**EXERCISE BRIEF**
Your copy begins at the line with "Pierre-Olivier吉名易起名网" and runs through the end of the data below. Set down only those lines exactly, without pictures.
===== DATASET EXCERPTS
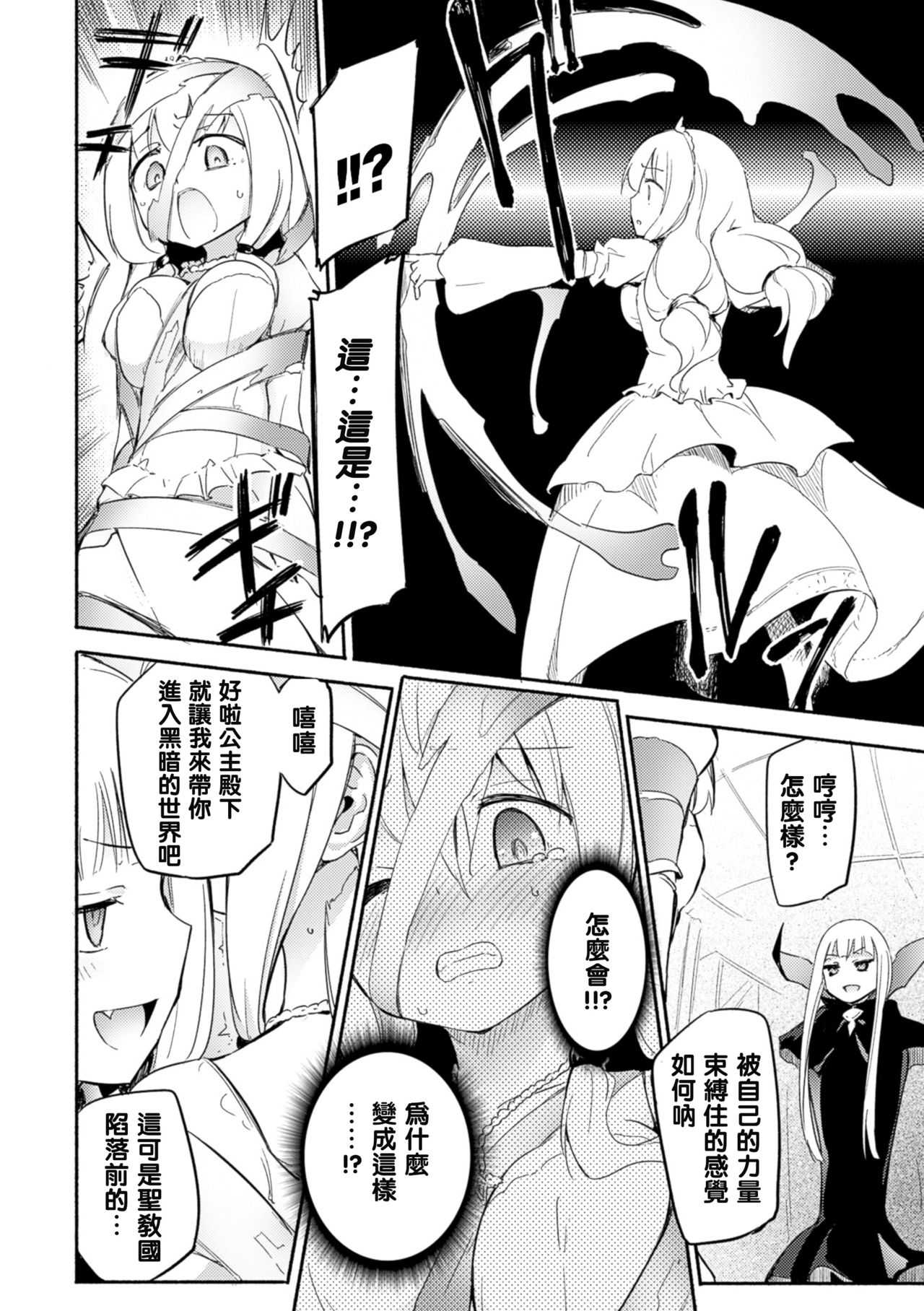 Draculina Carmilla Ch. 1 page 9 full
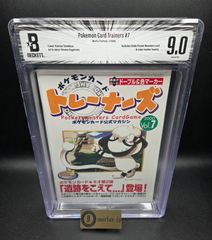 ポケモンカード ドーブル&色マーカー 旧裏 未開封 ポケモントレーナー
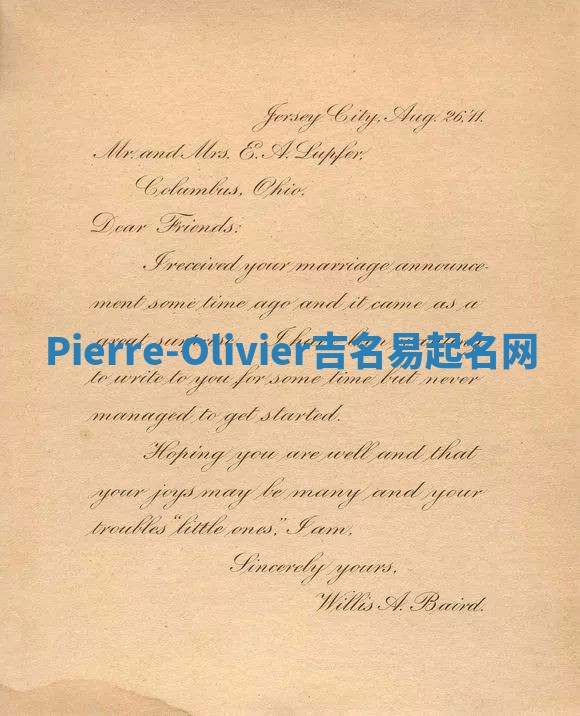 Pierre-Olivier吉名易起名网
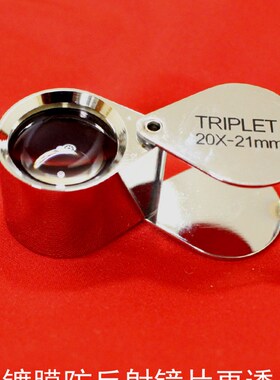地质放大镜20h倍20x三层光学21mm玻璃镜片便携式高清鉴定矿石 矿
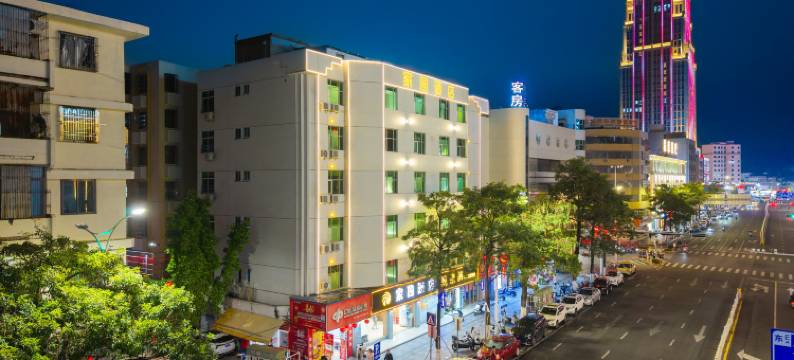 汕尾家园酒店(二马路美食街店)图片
==========
**RESULT BELOW**
 Pierre-Olivier吉名易起名网
地质放大镜20h倍20x三层光学21mm玻璃镜片便携式高清鉴定矿石 矿
 汕尾家园酒店(二马路美食街店)图片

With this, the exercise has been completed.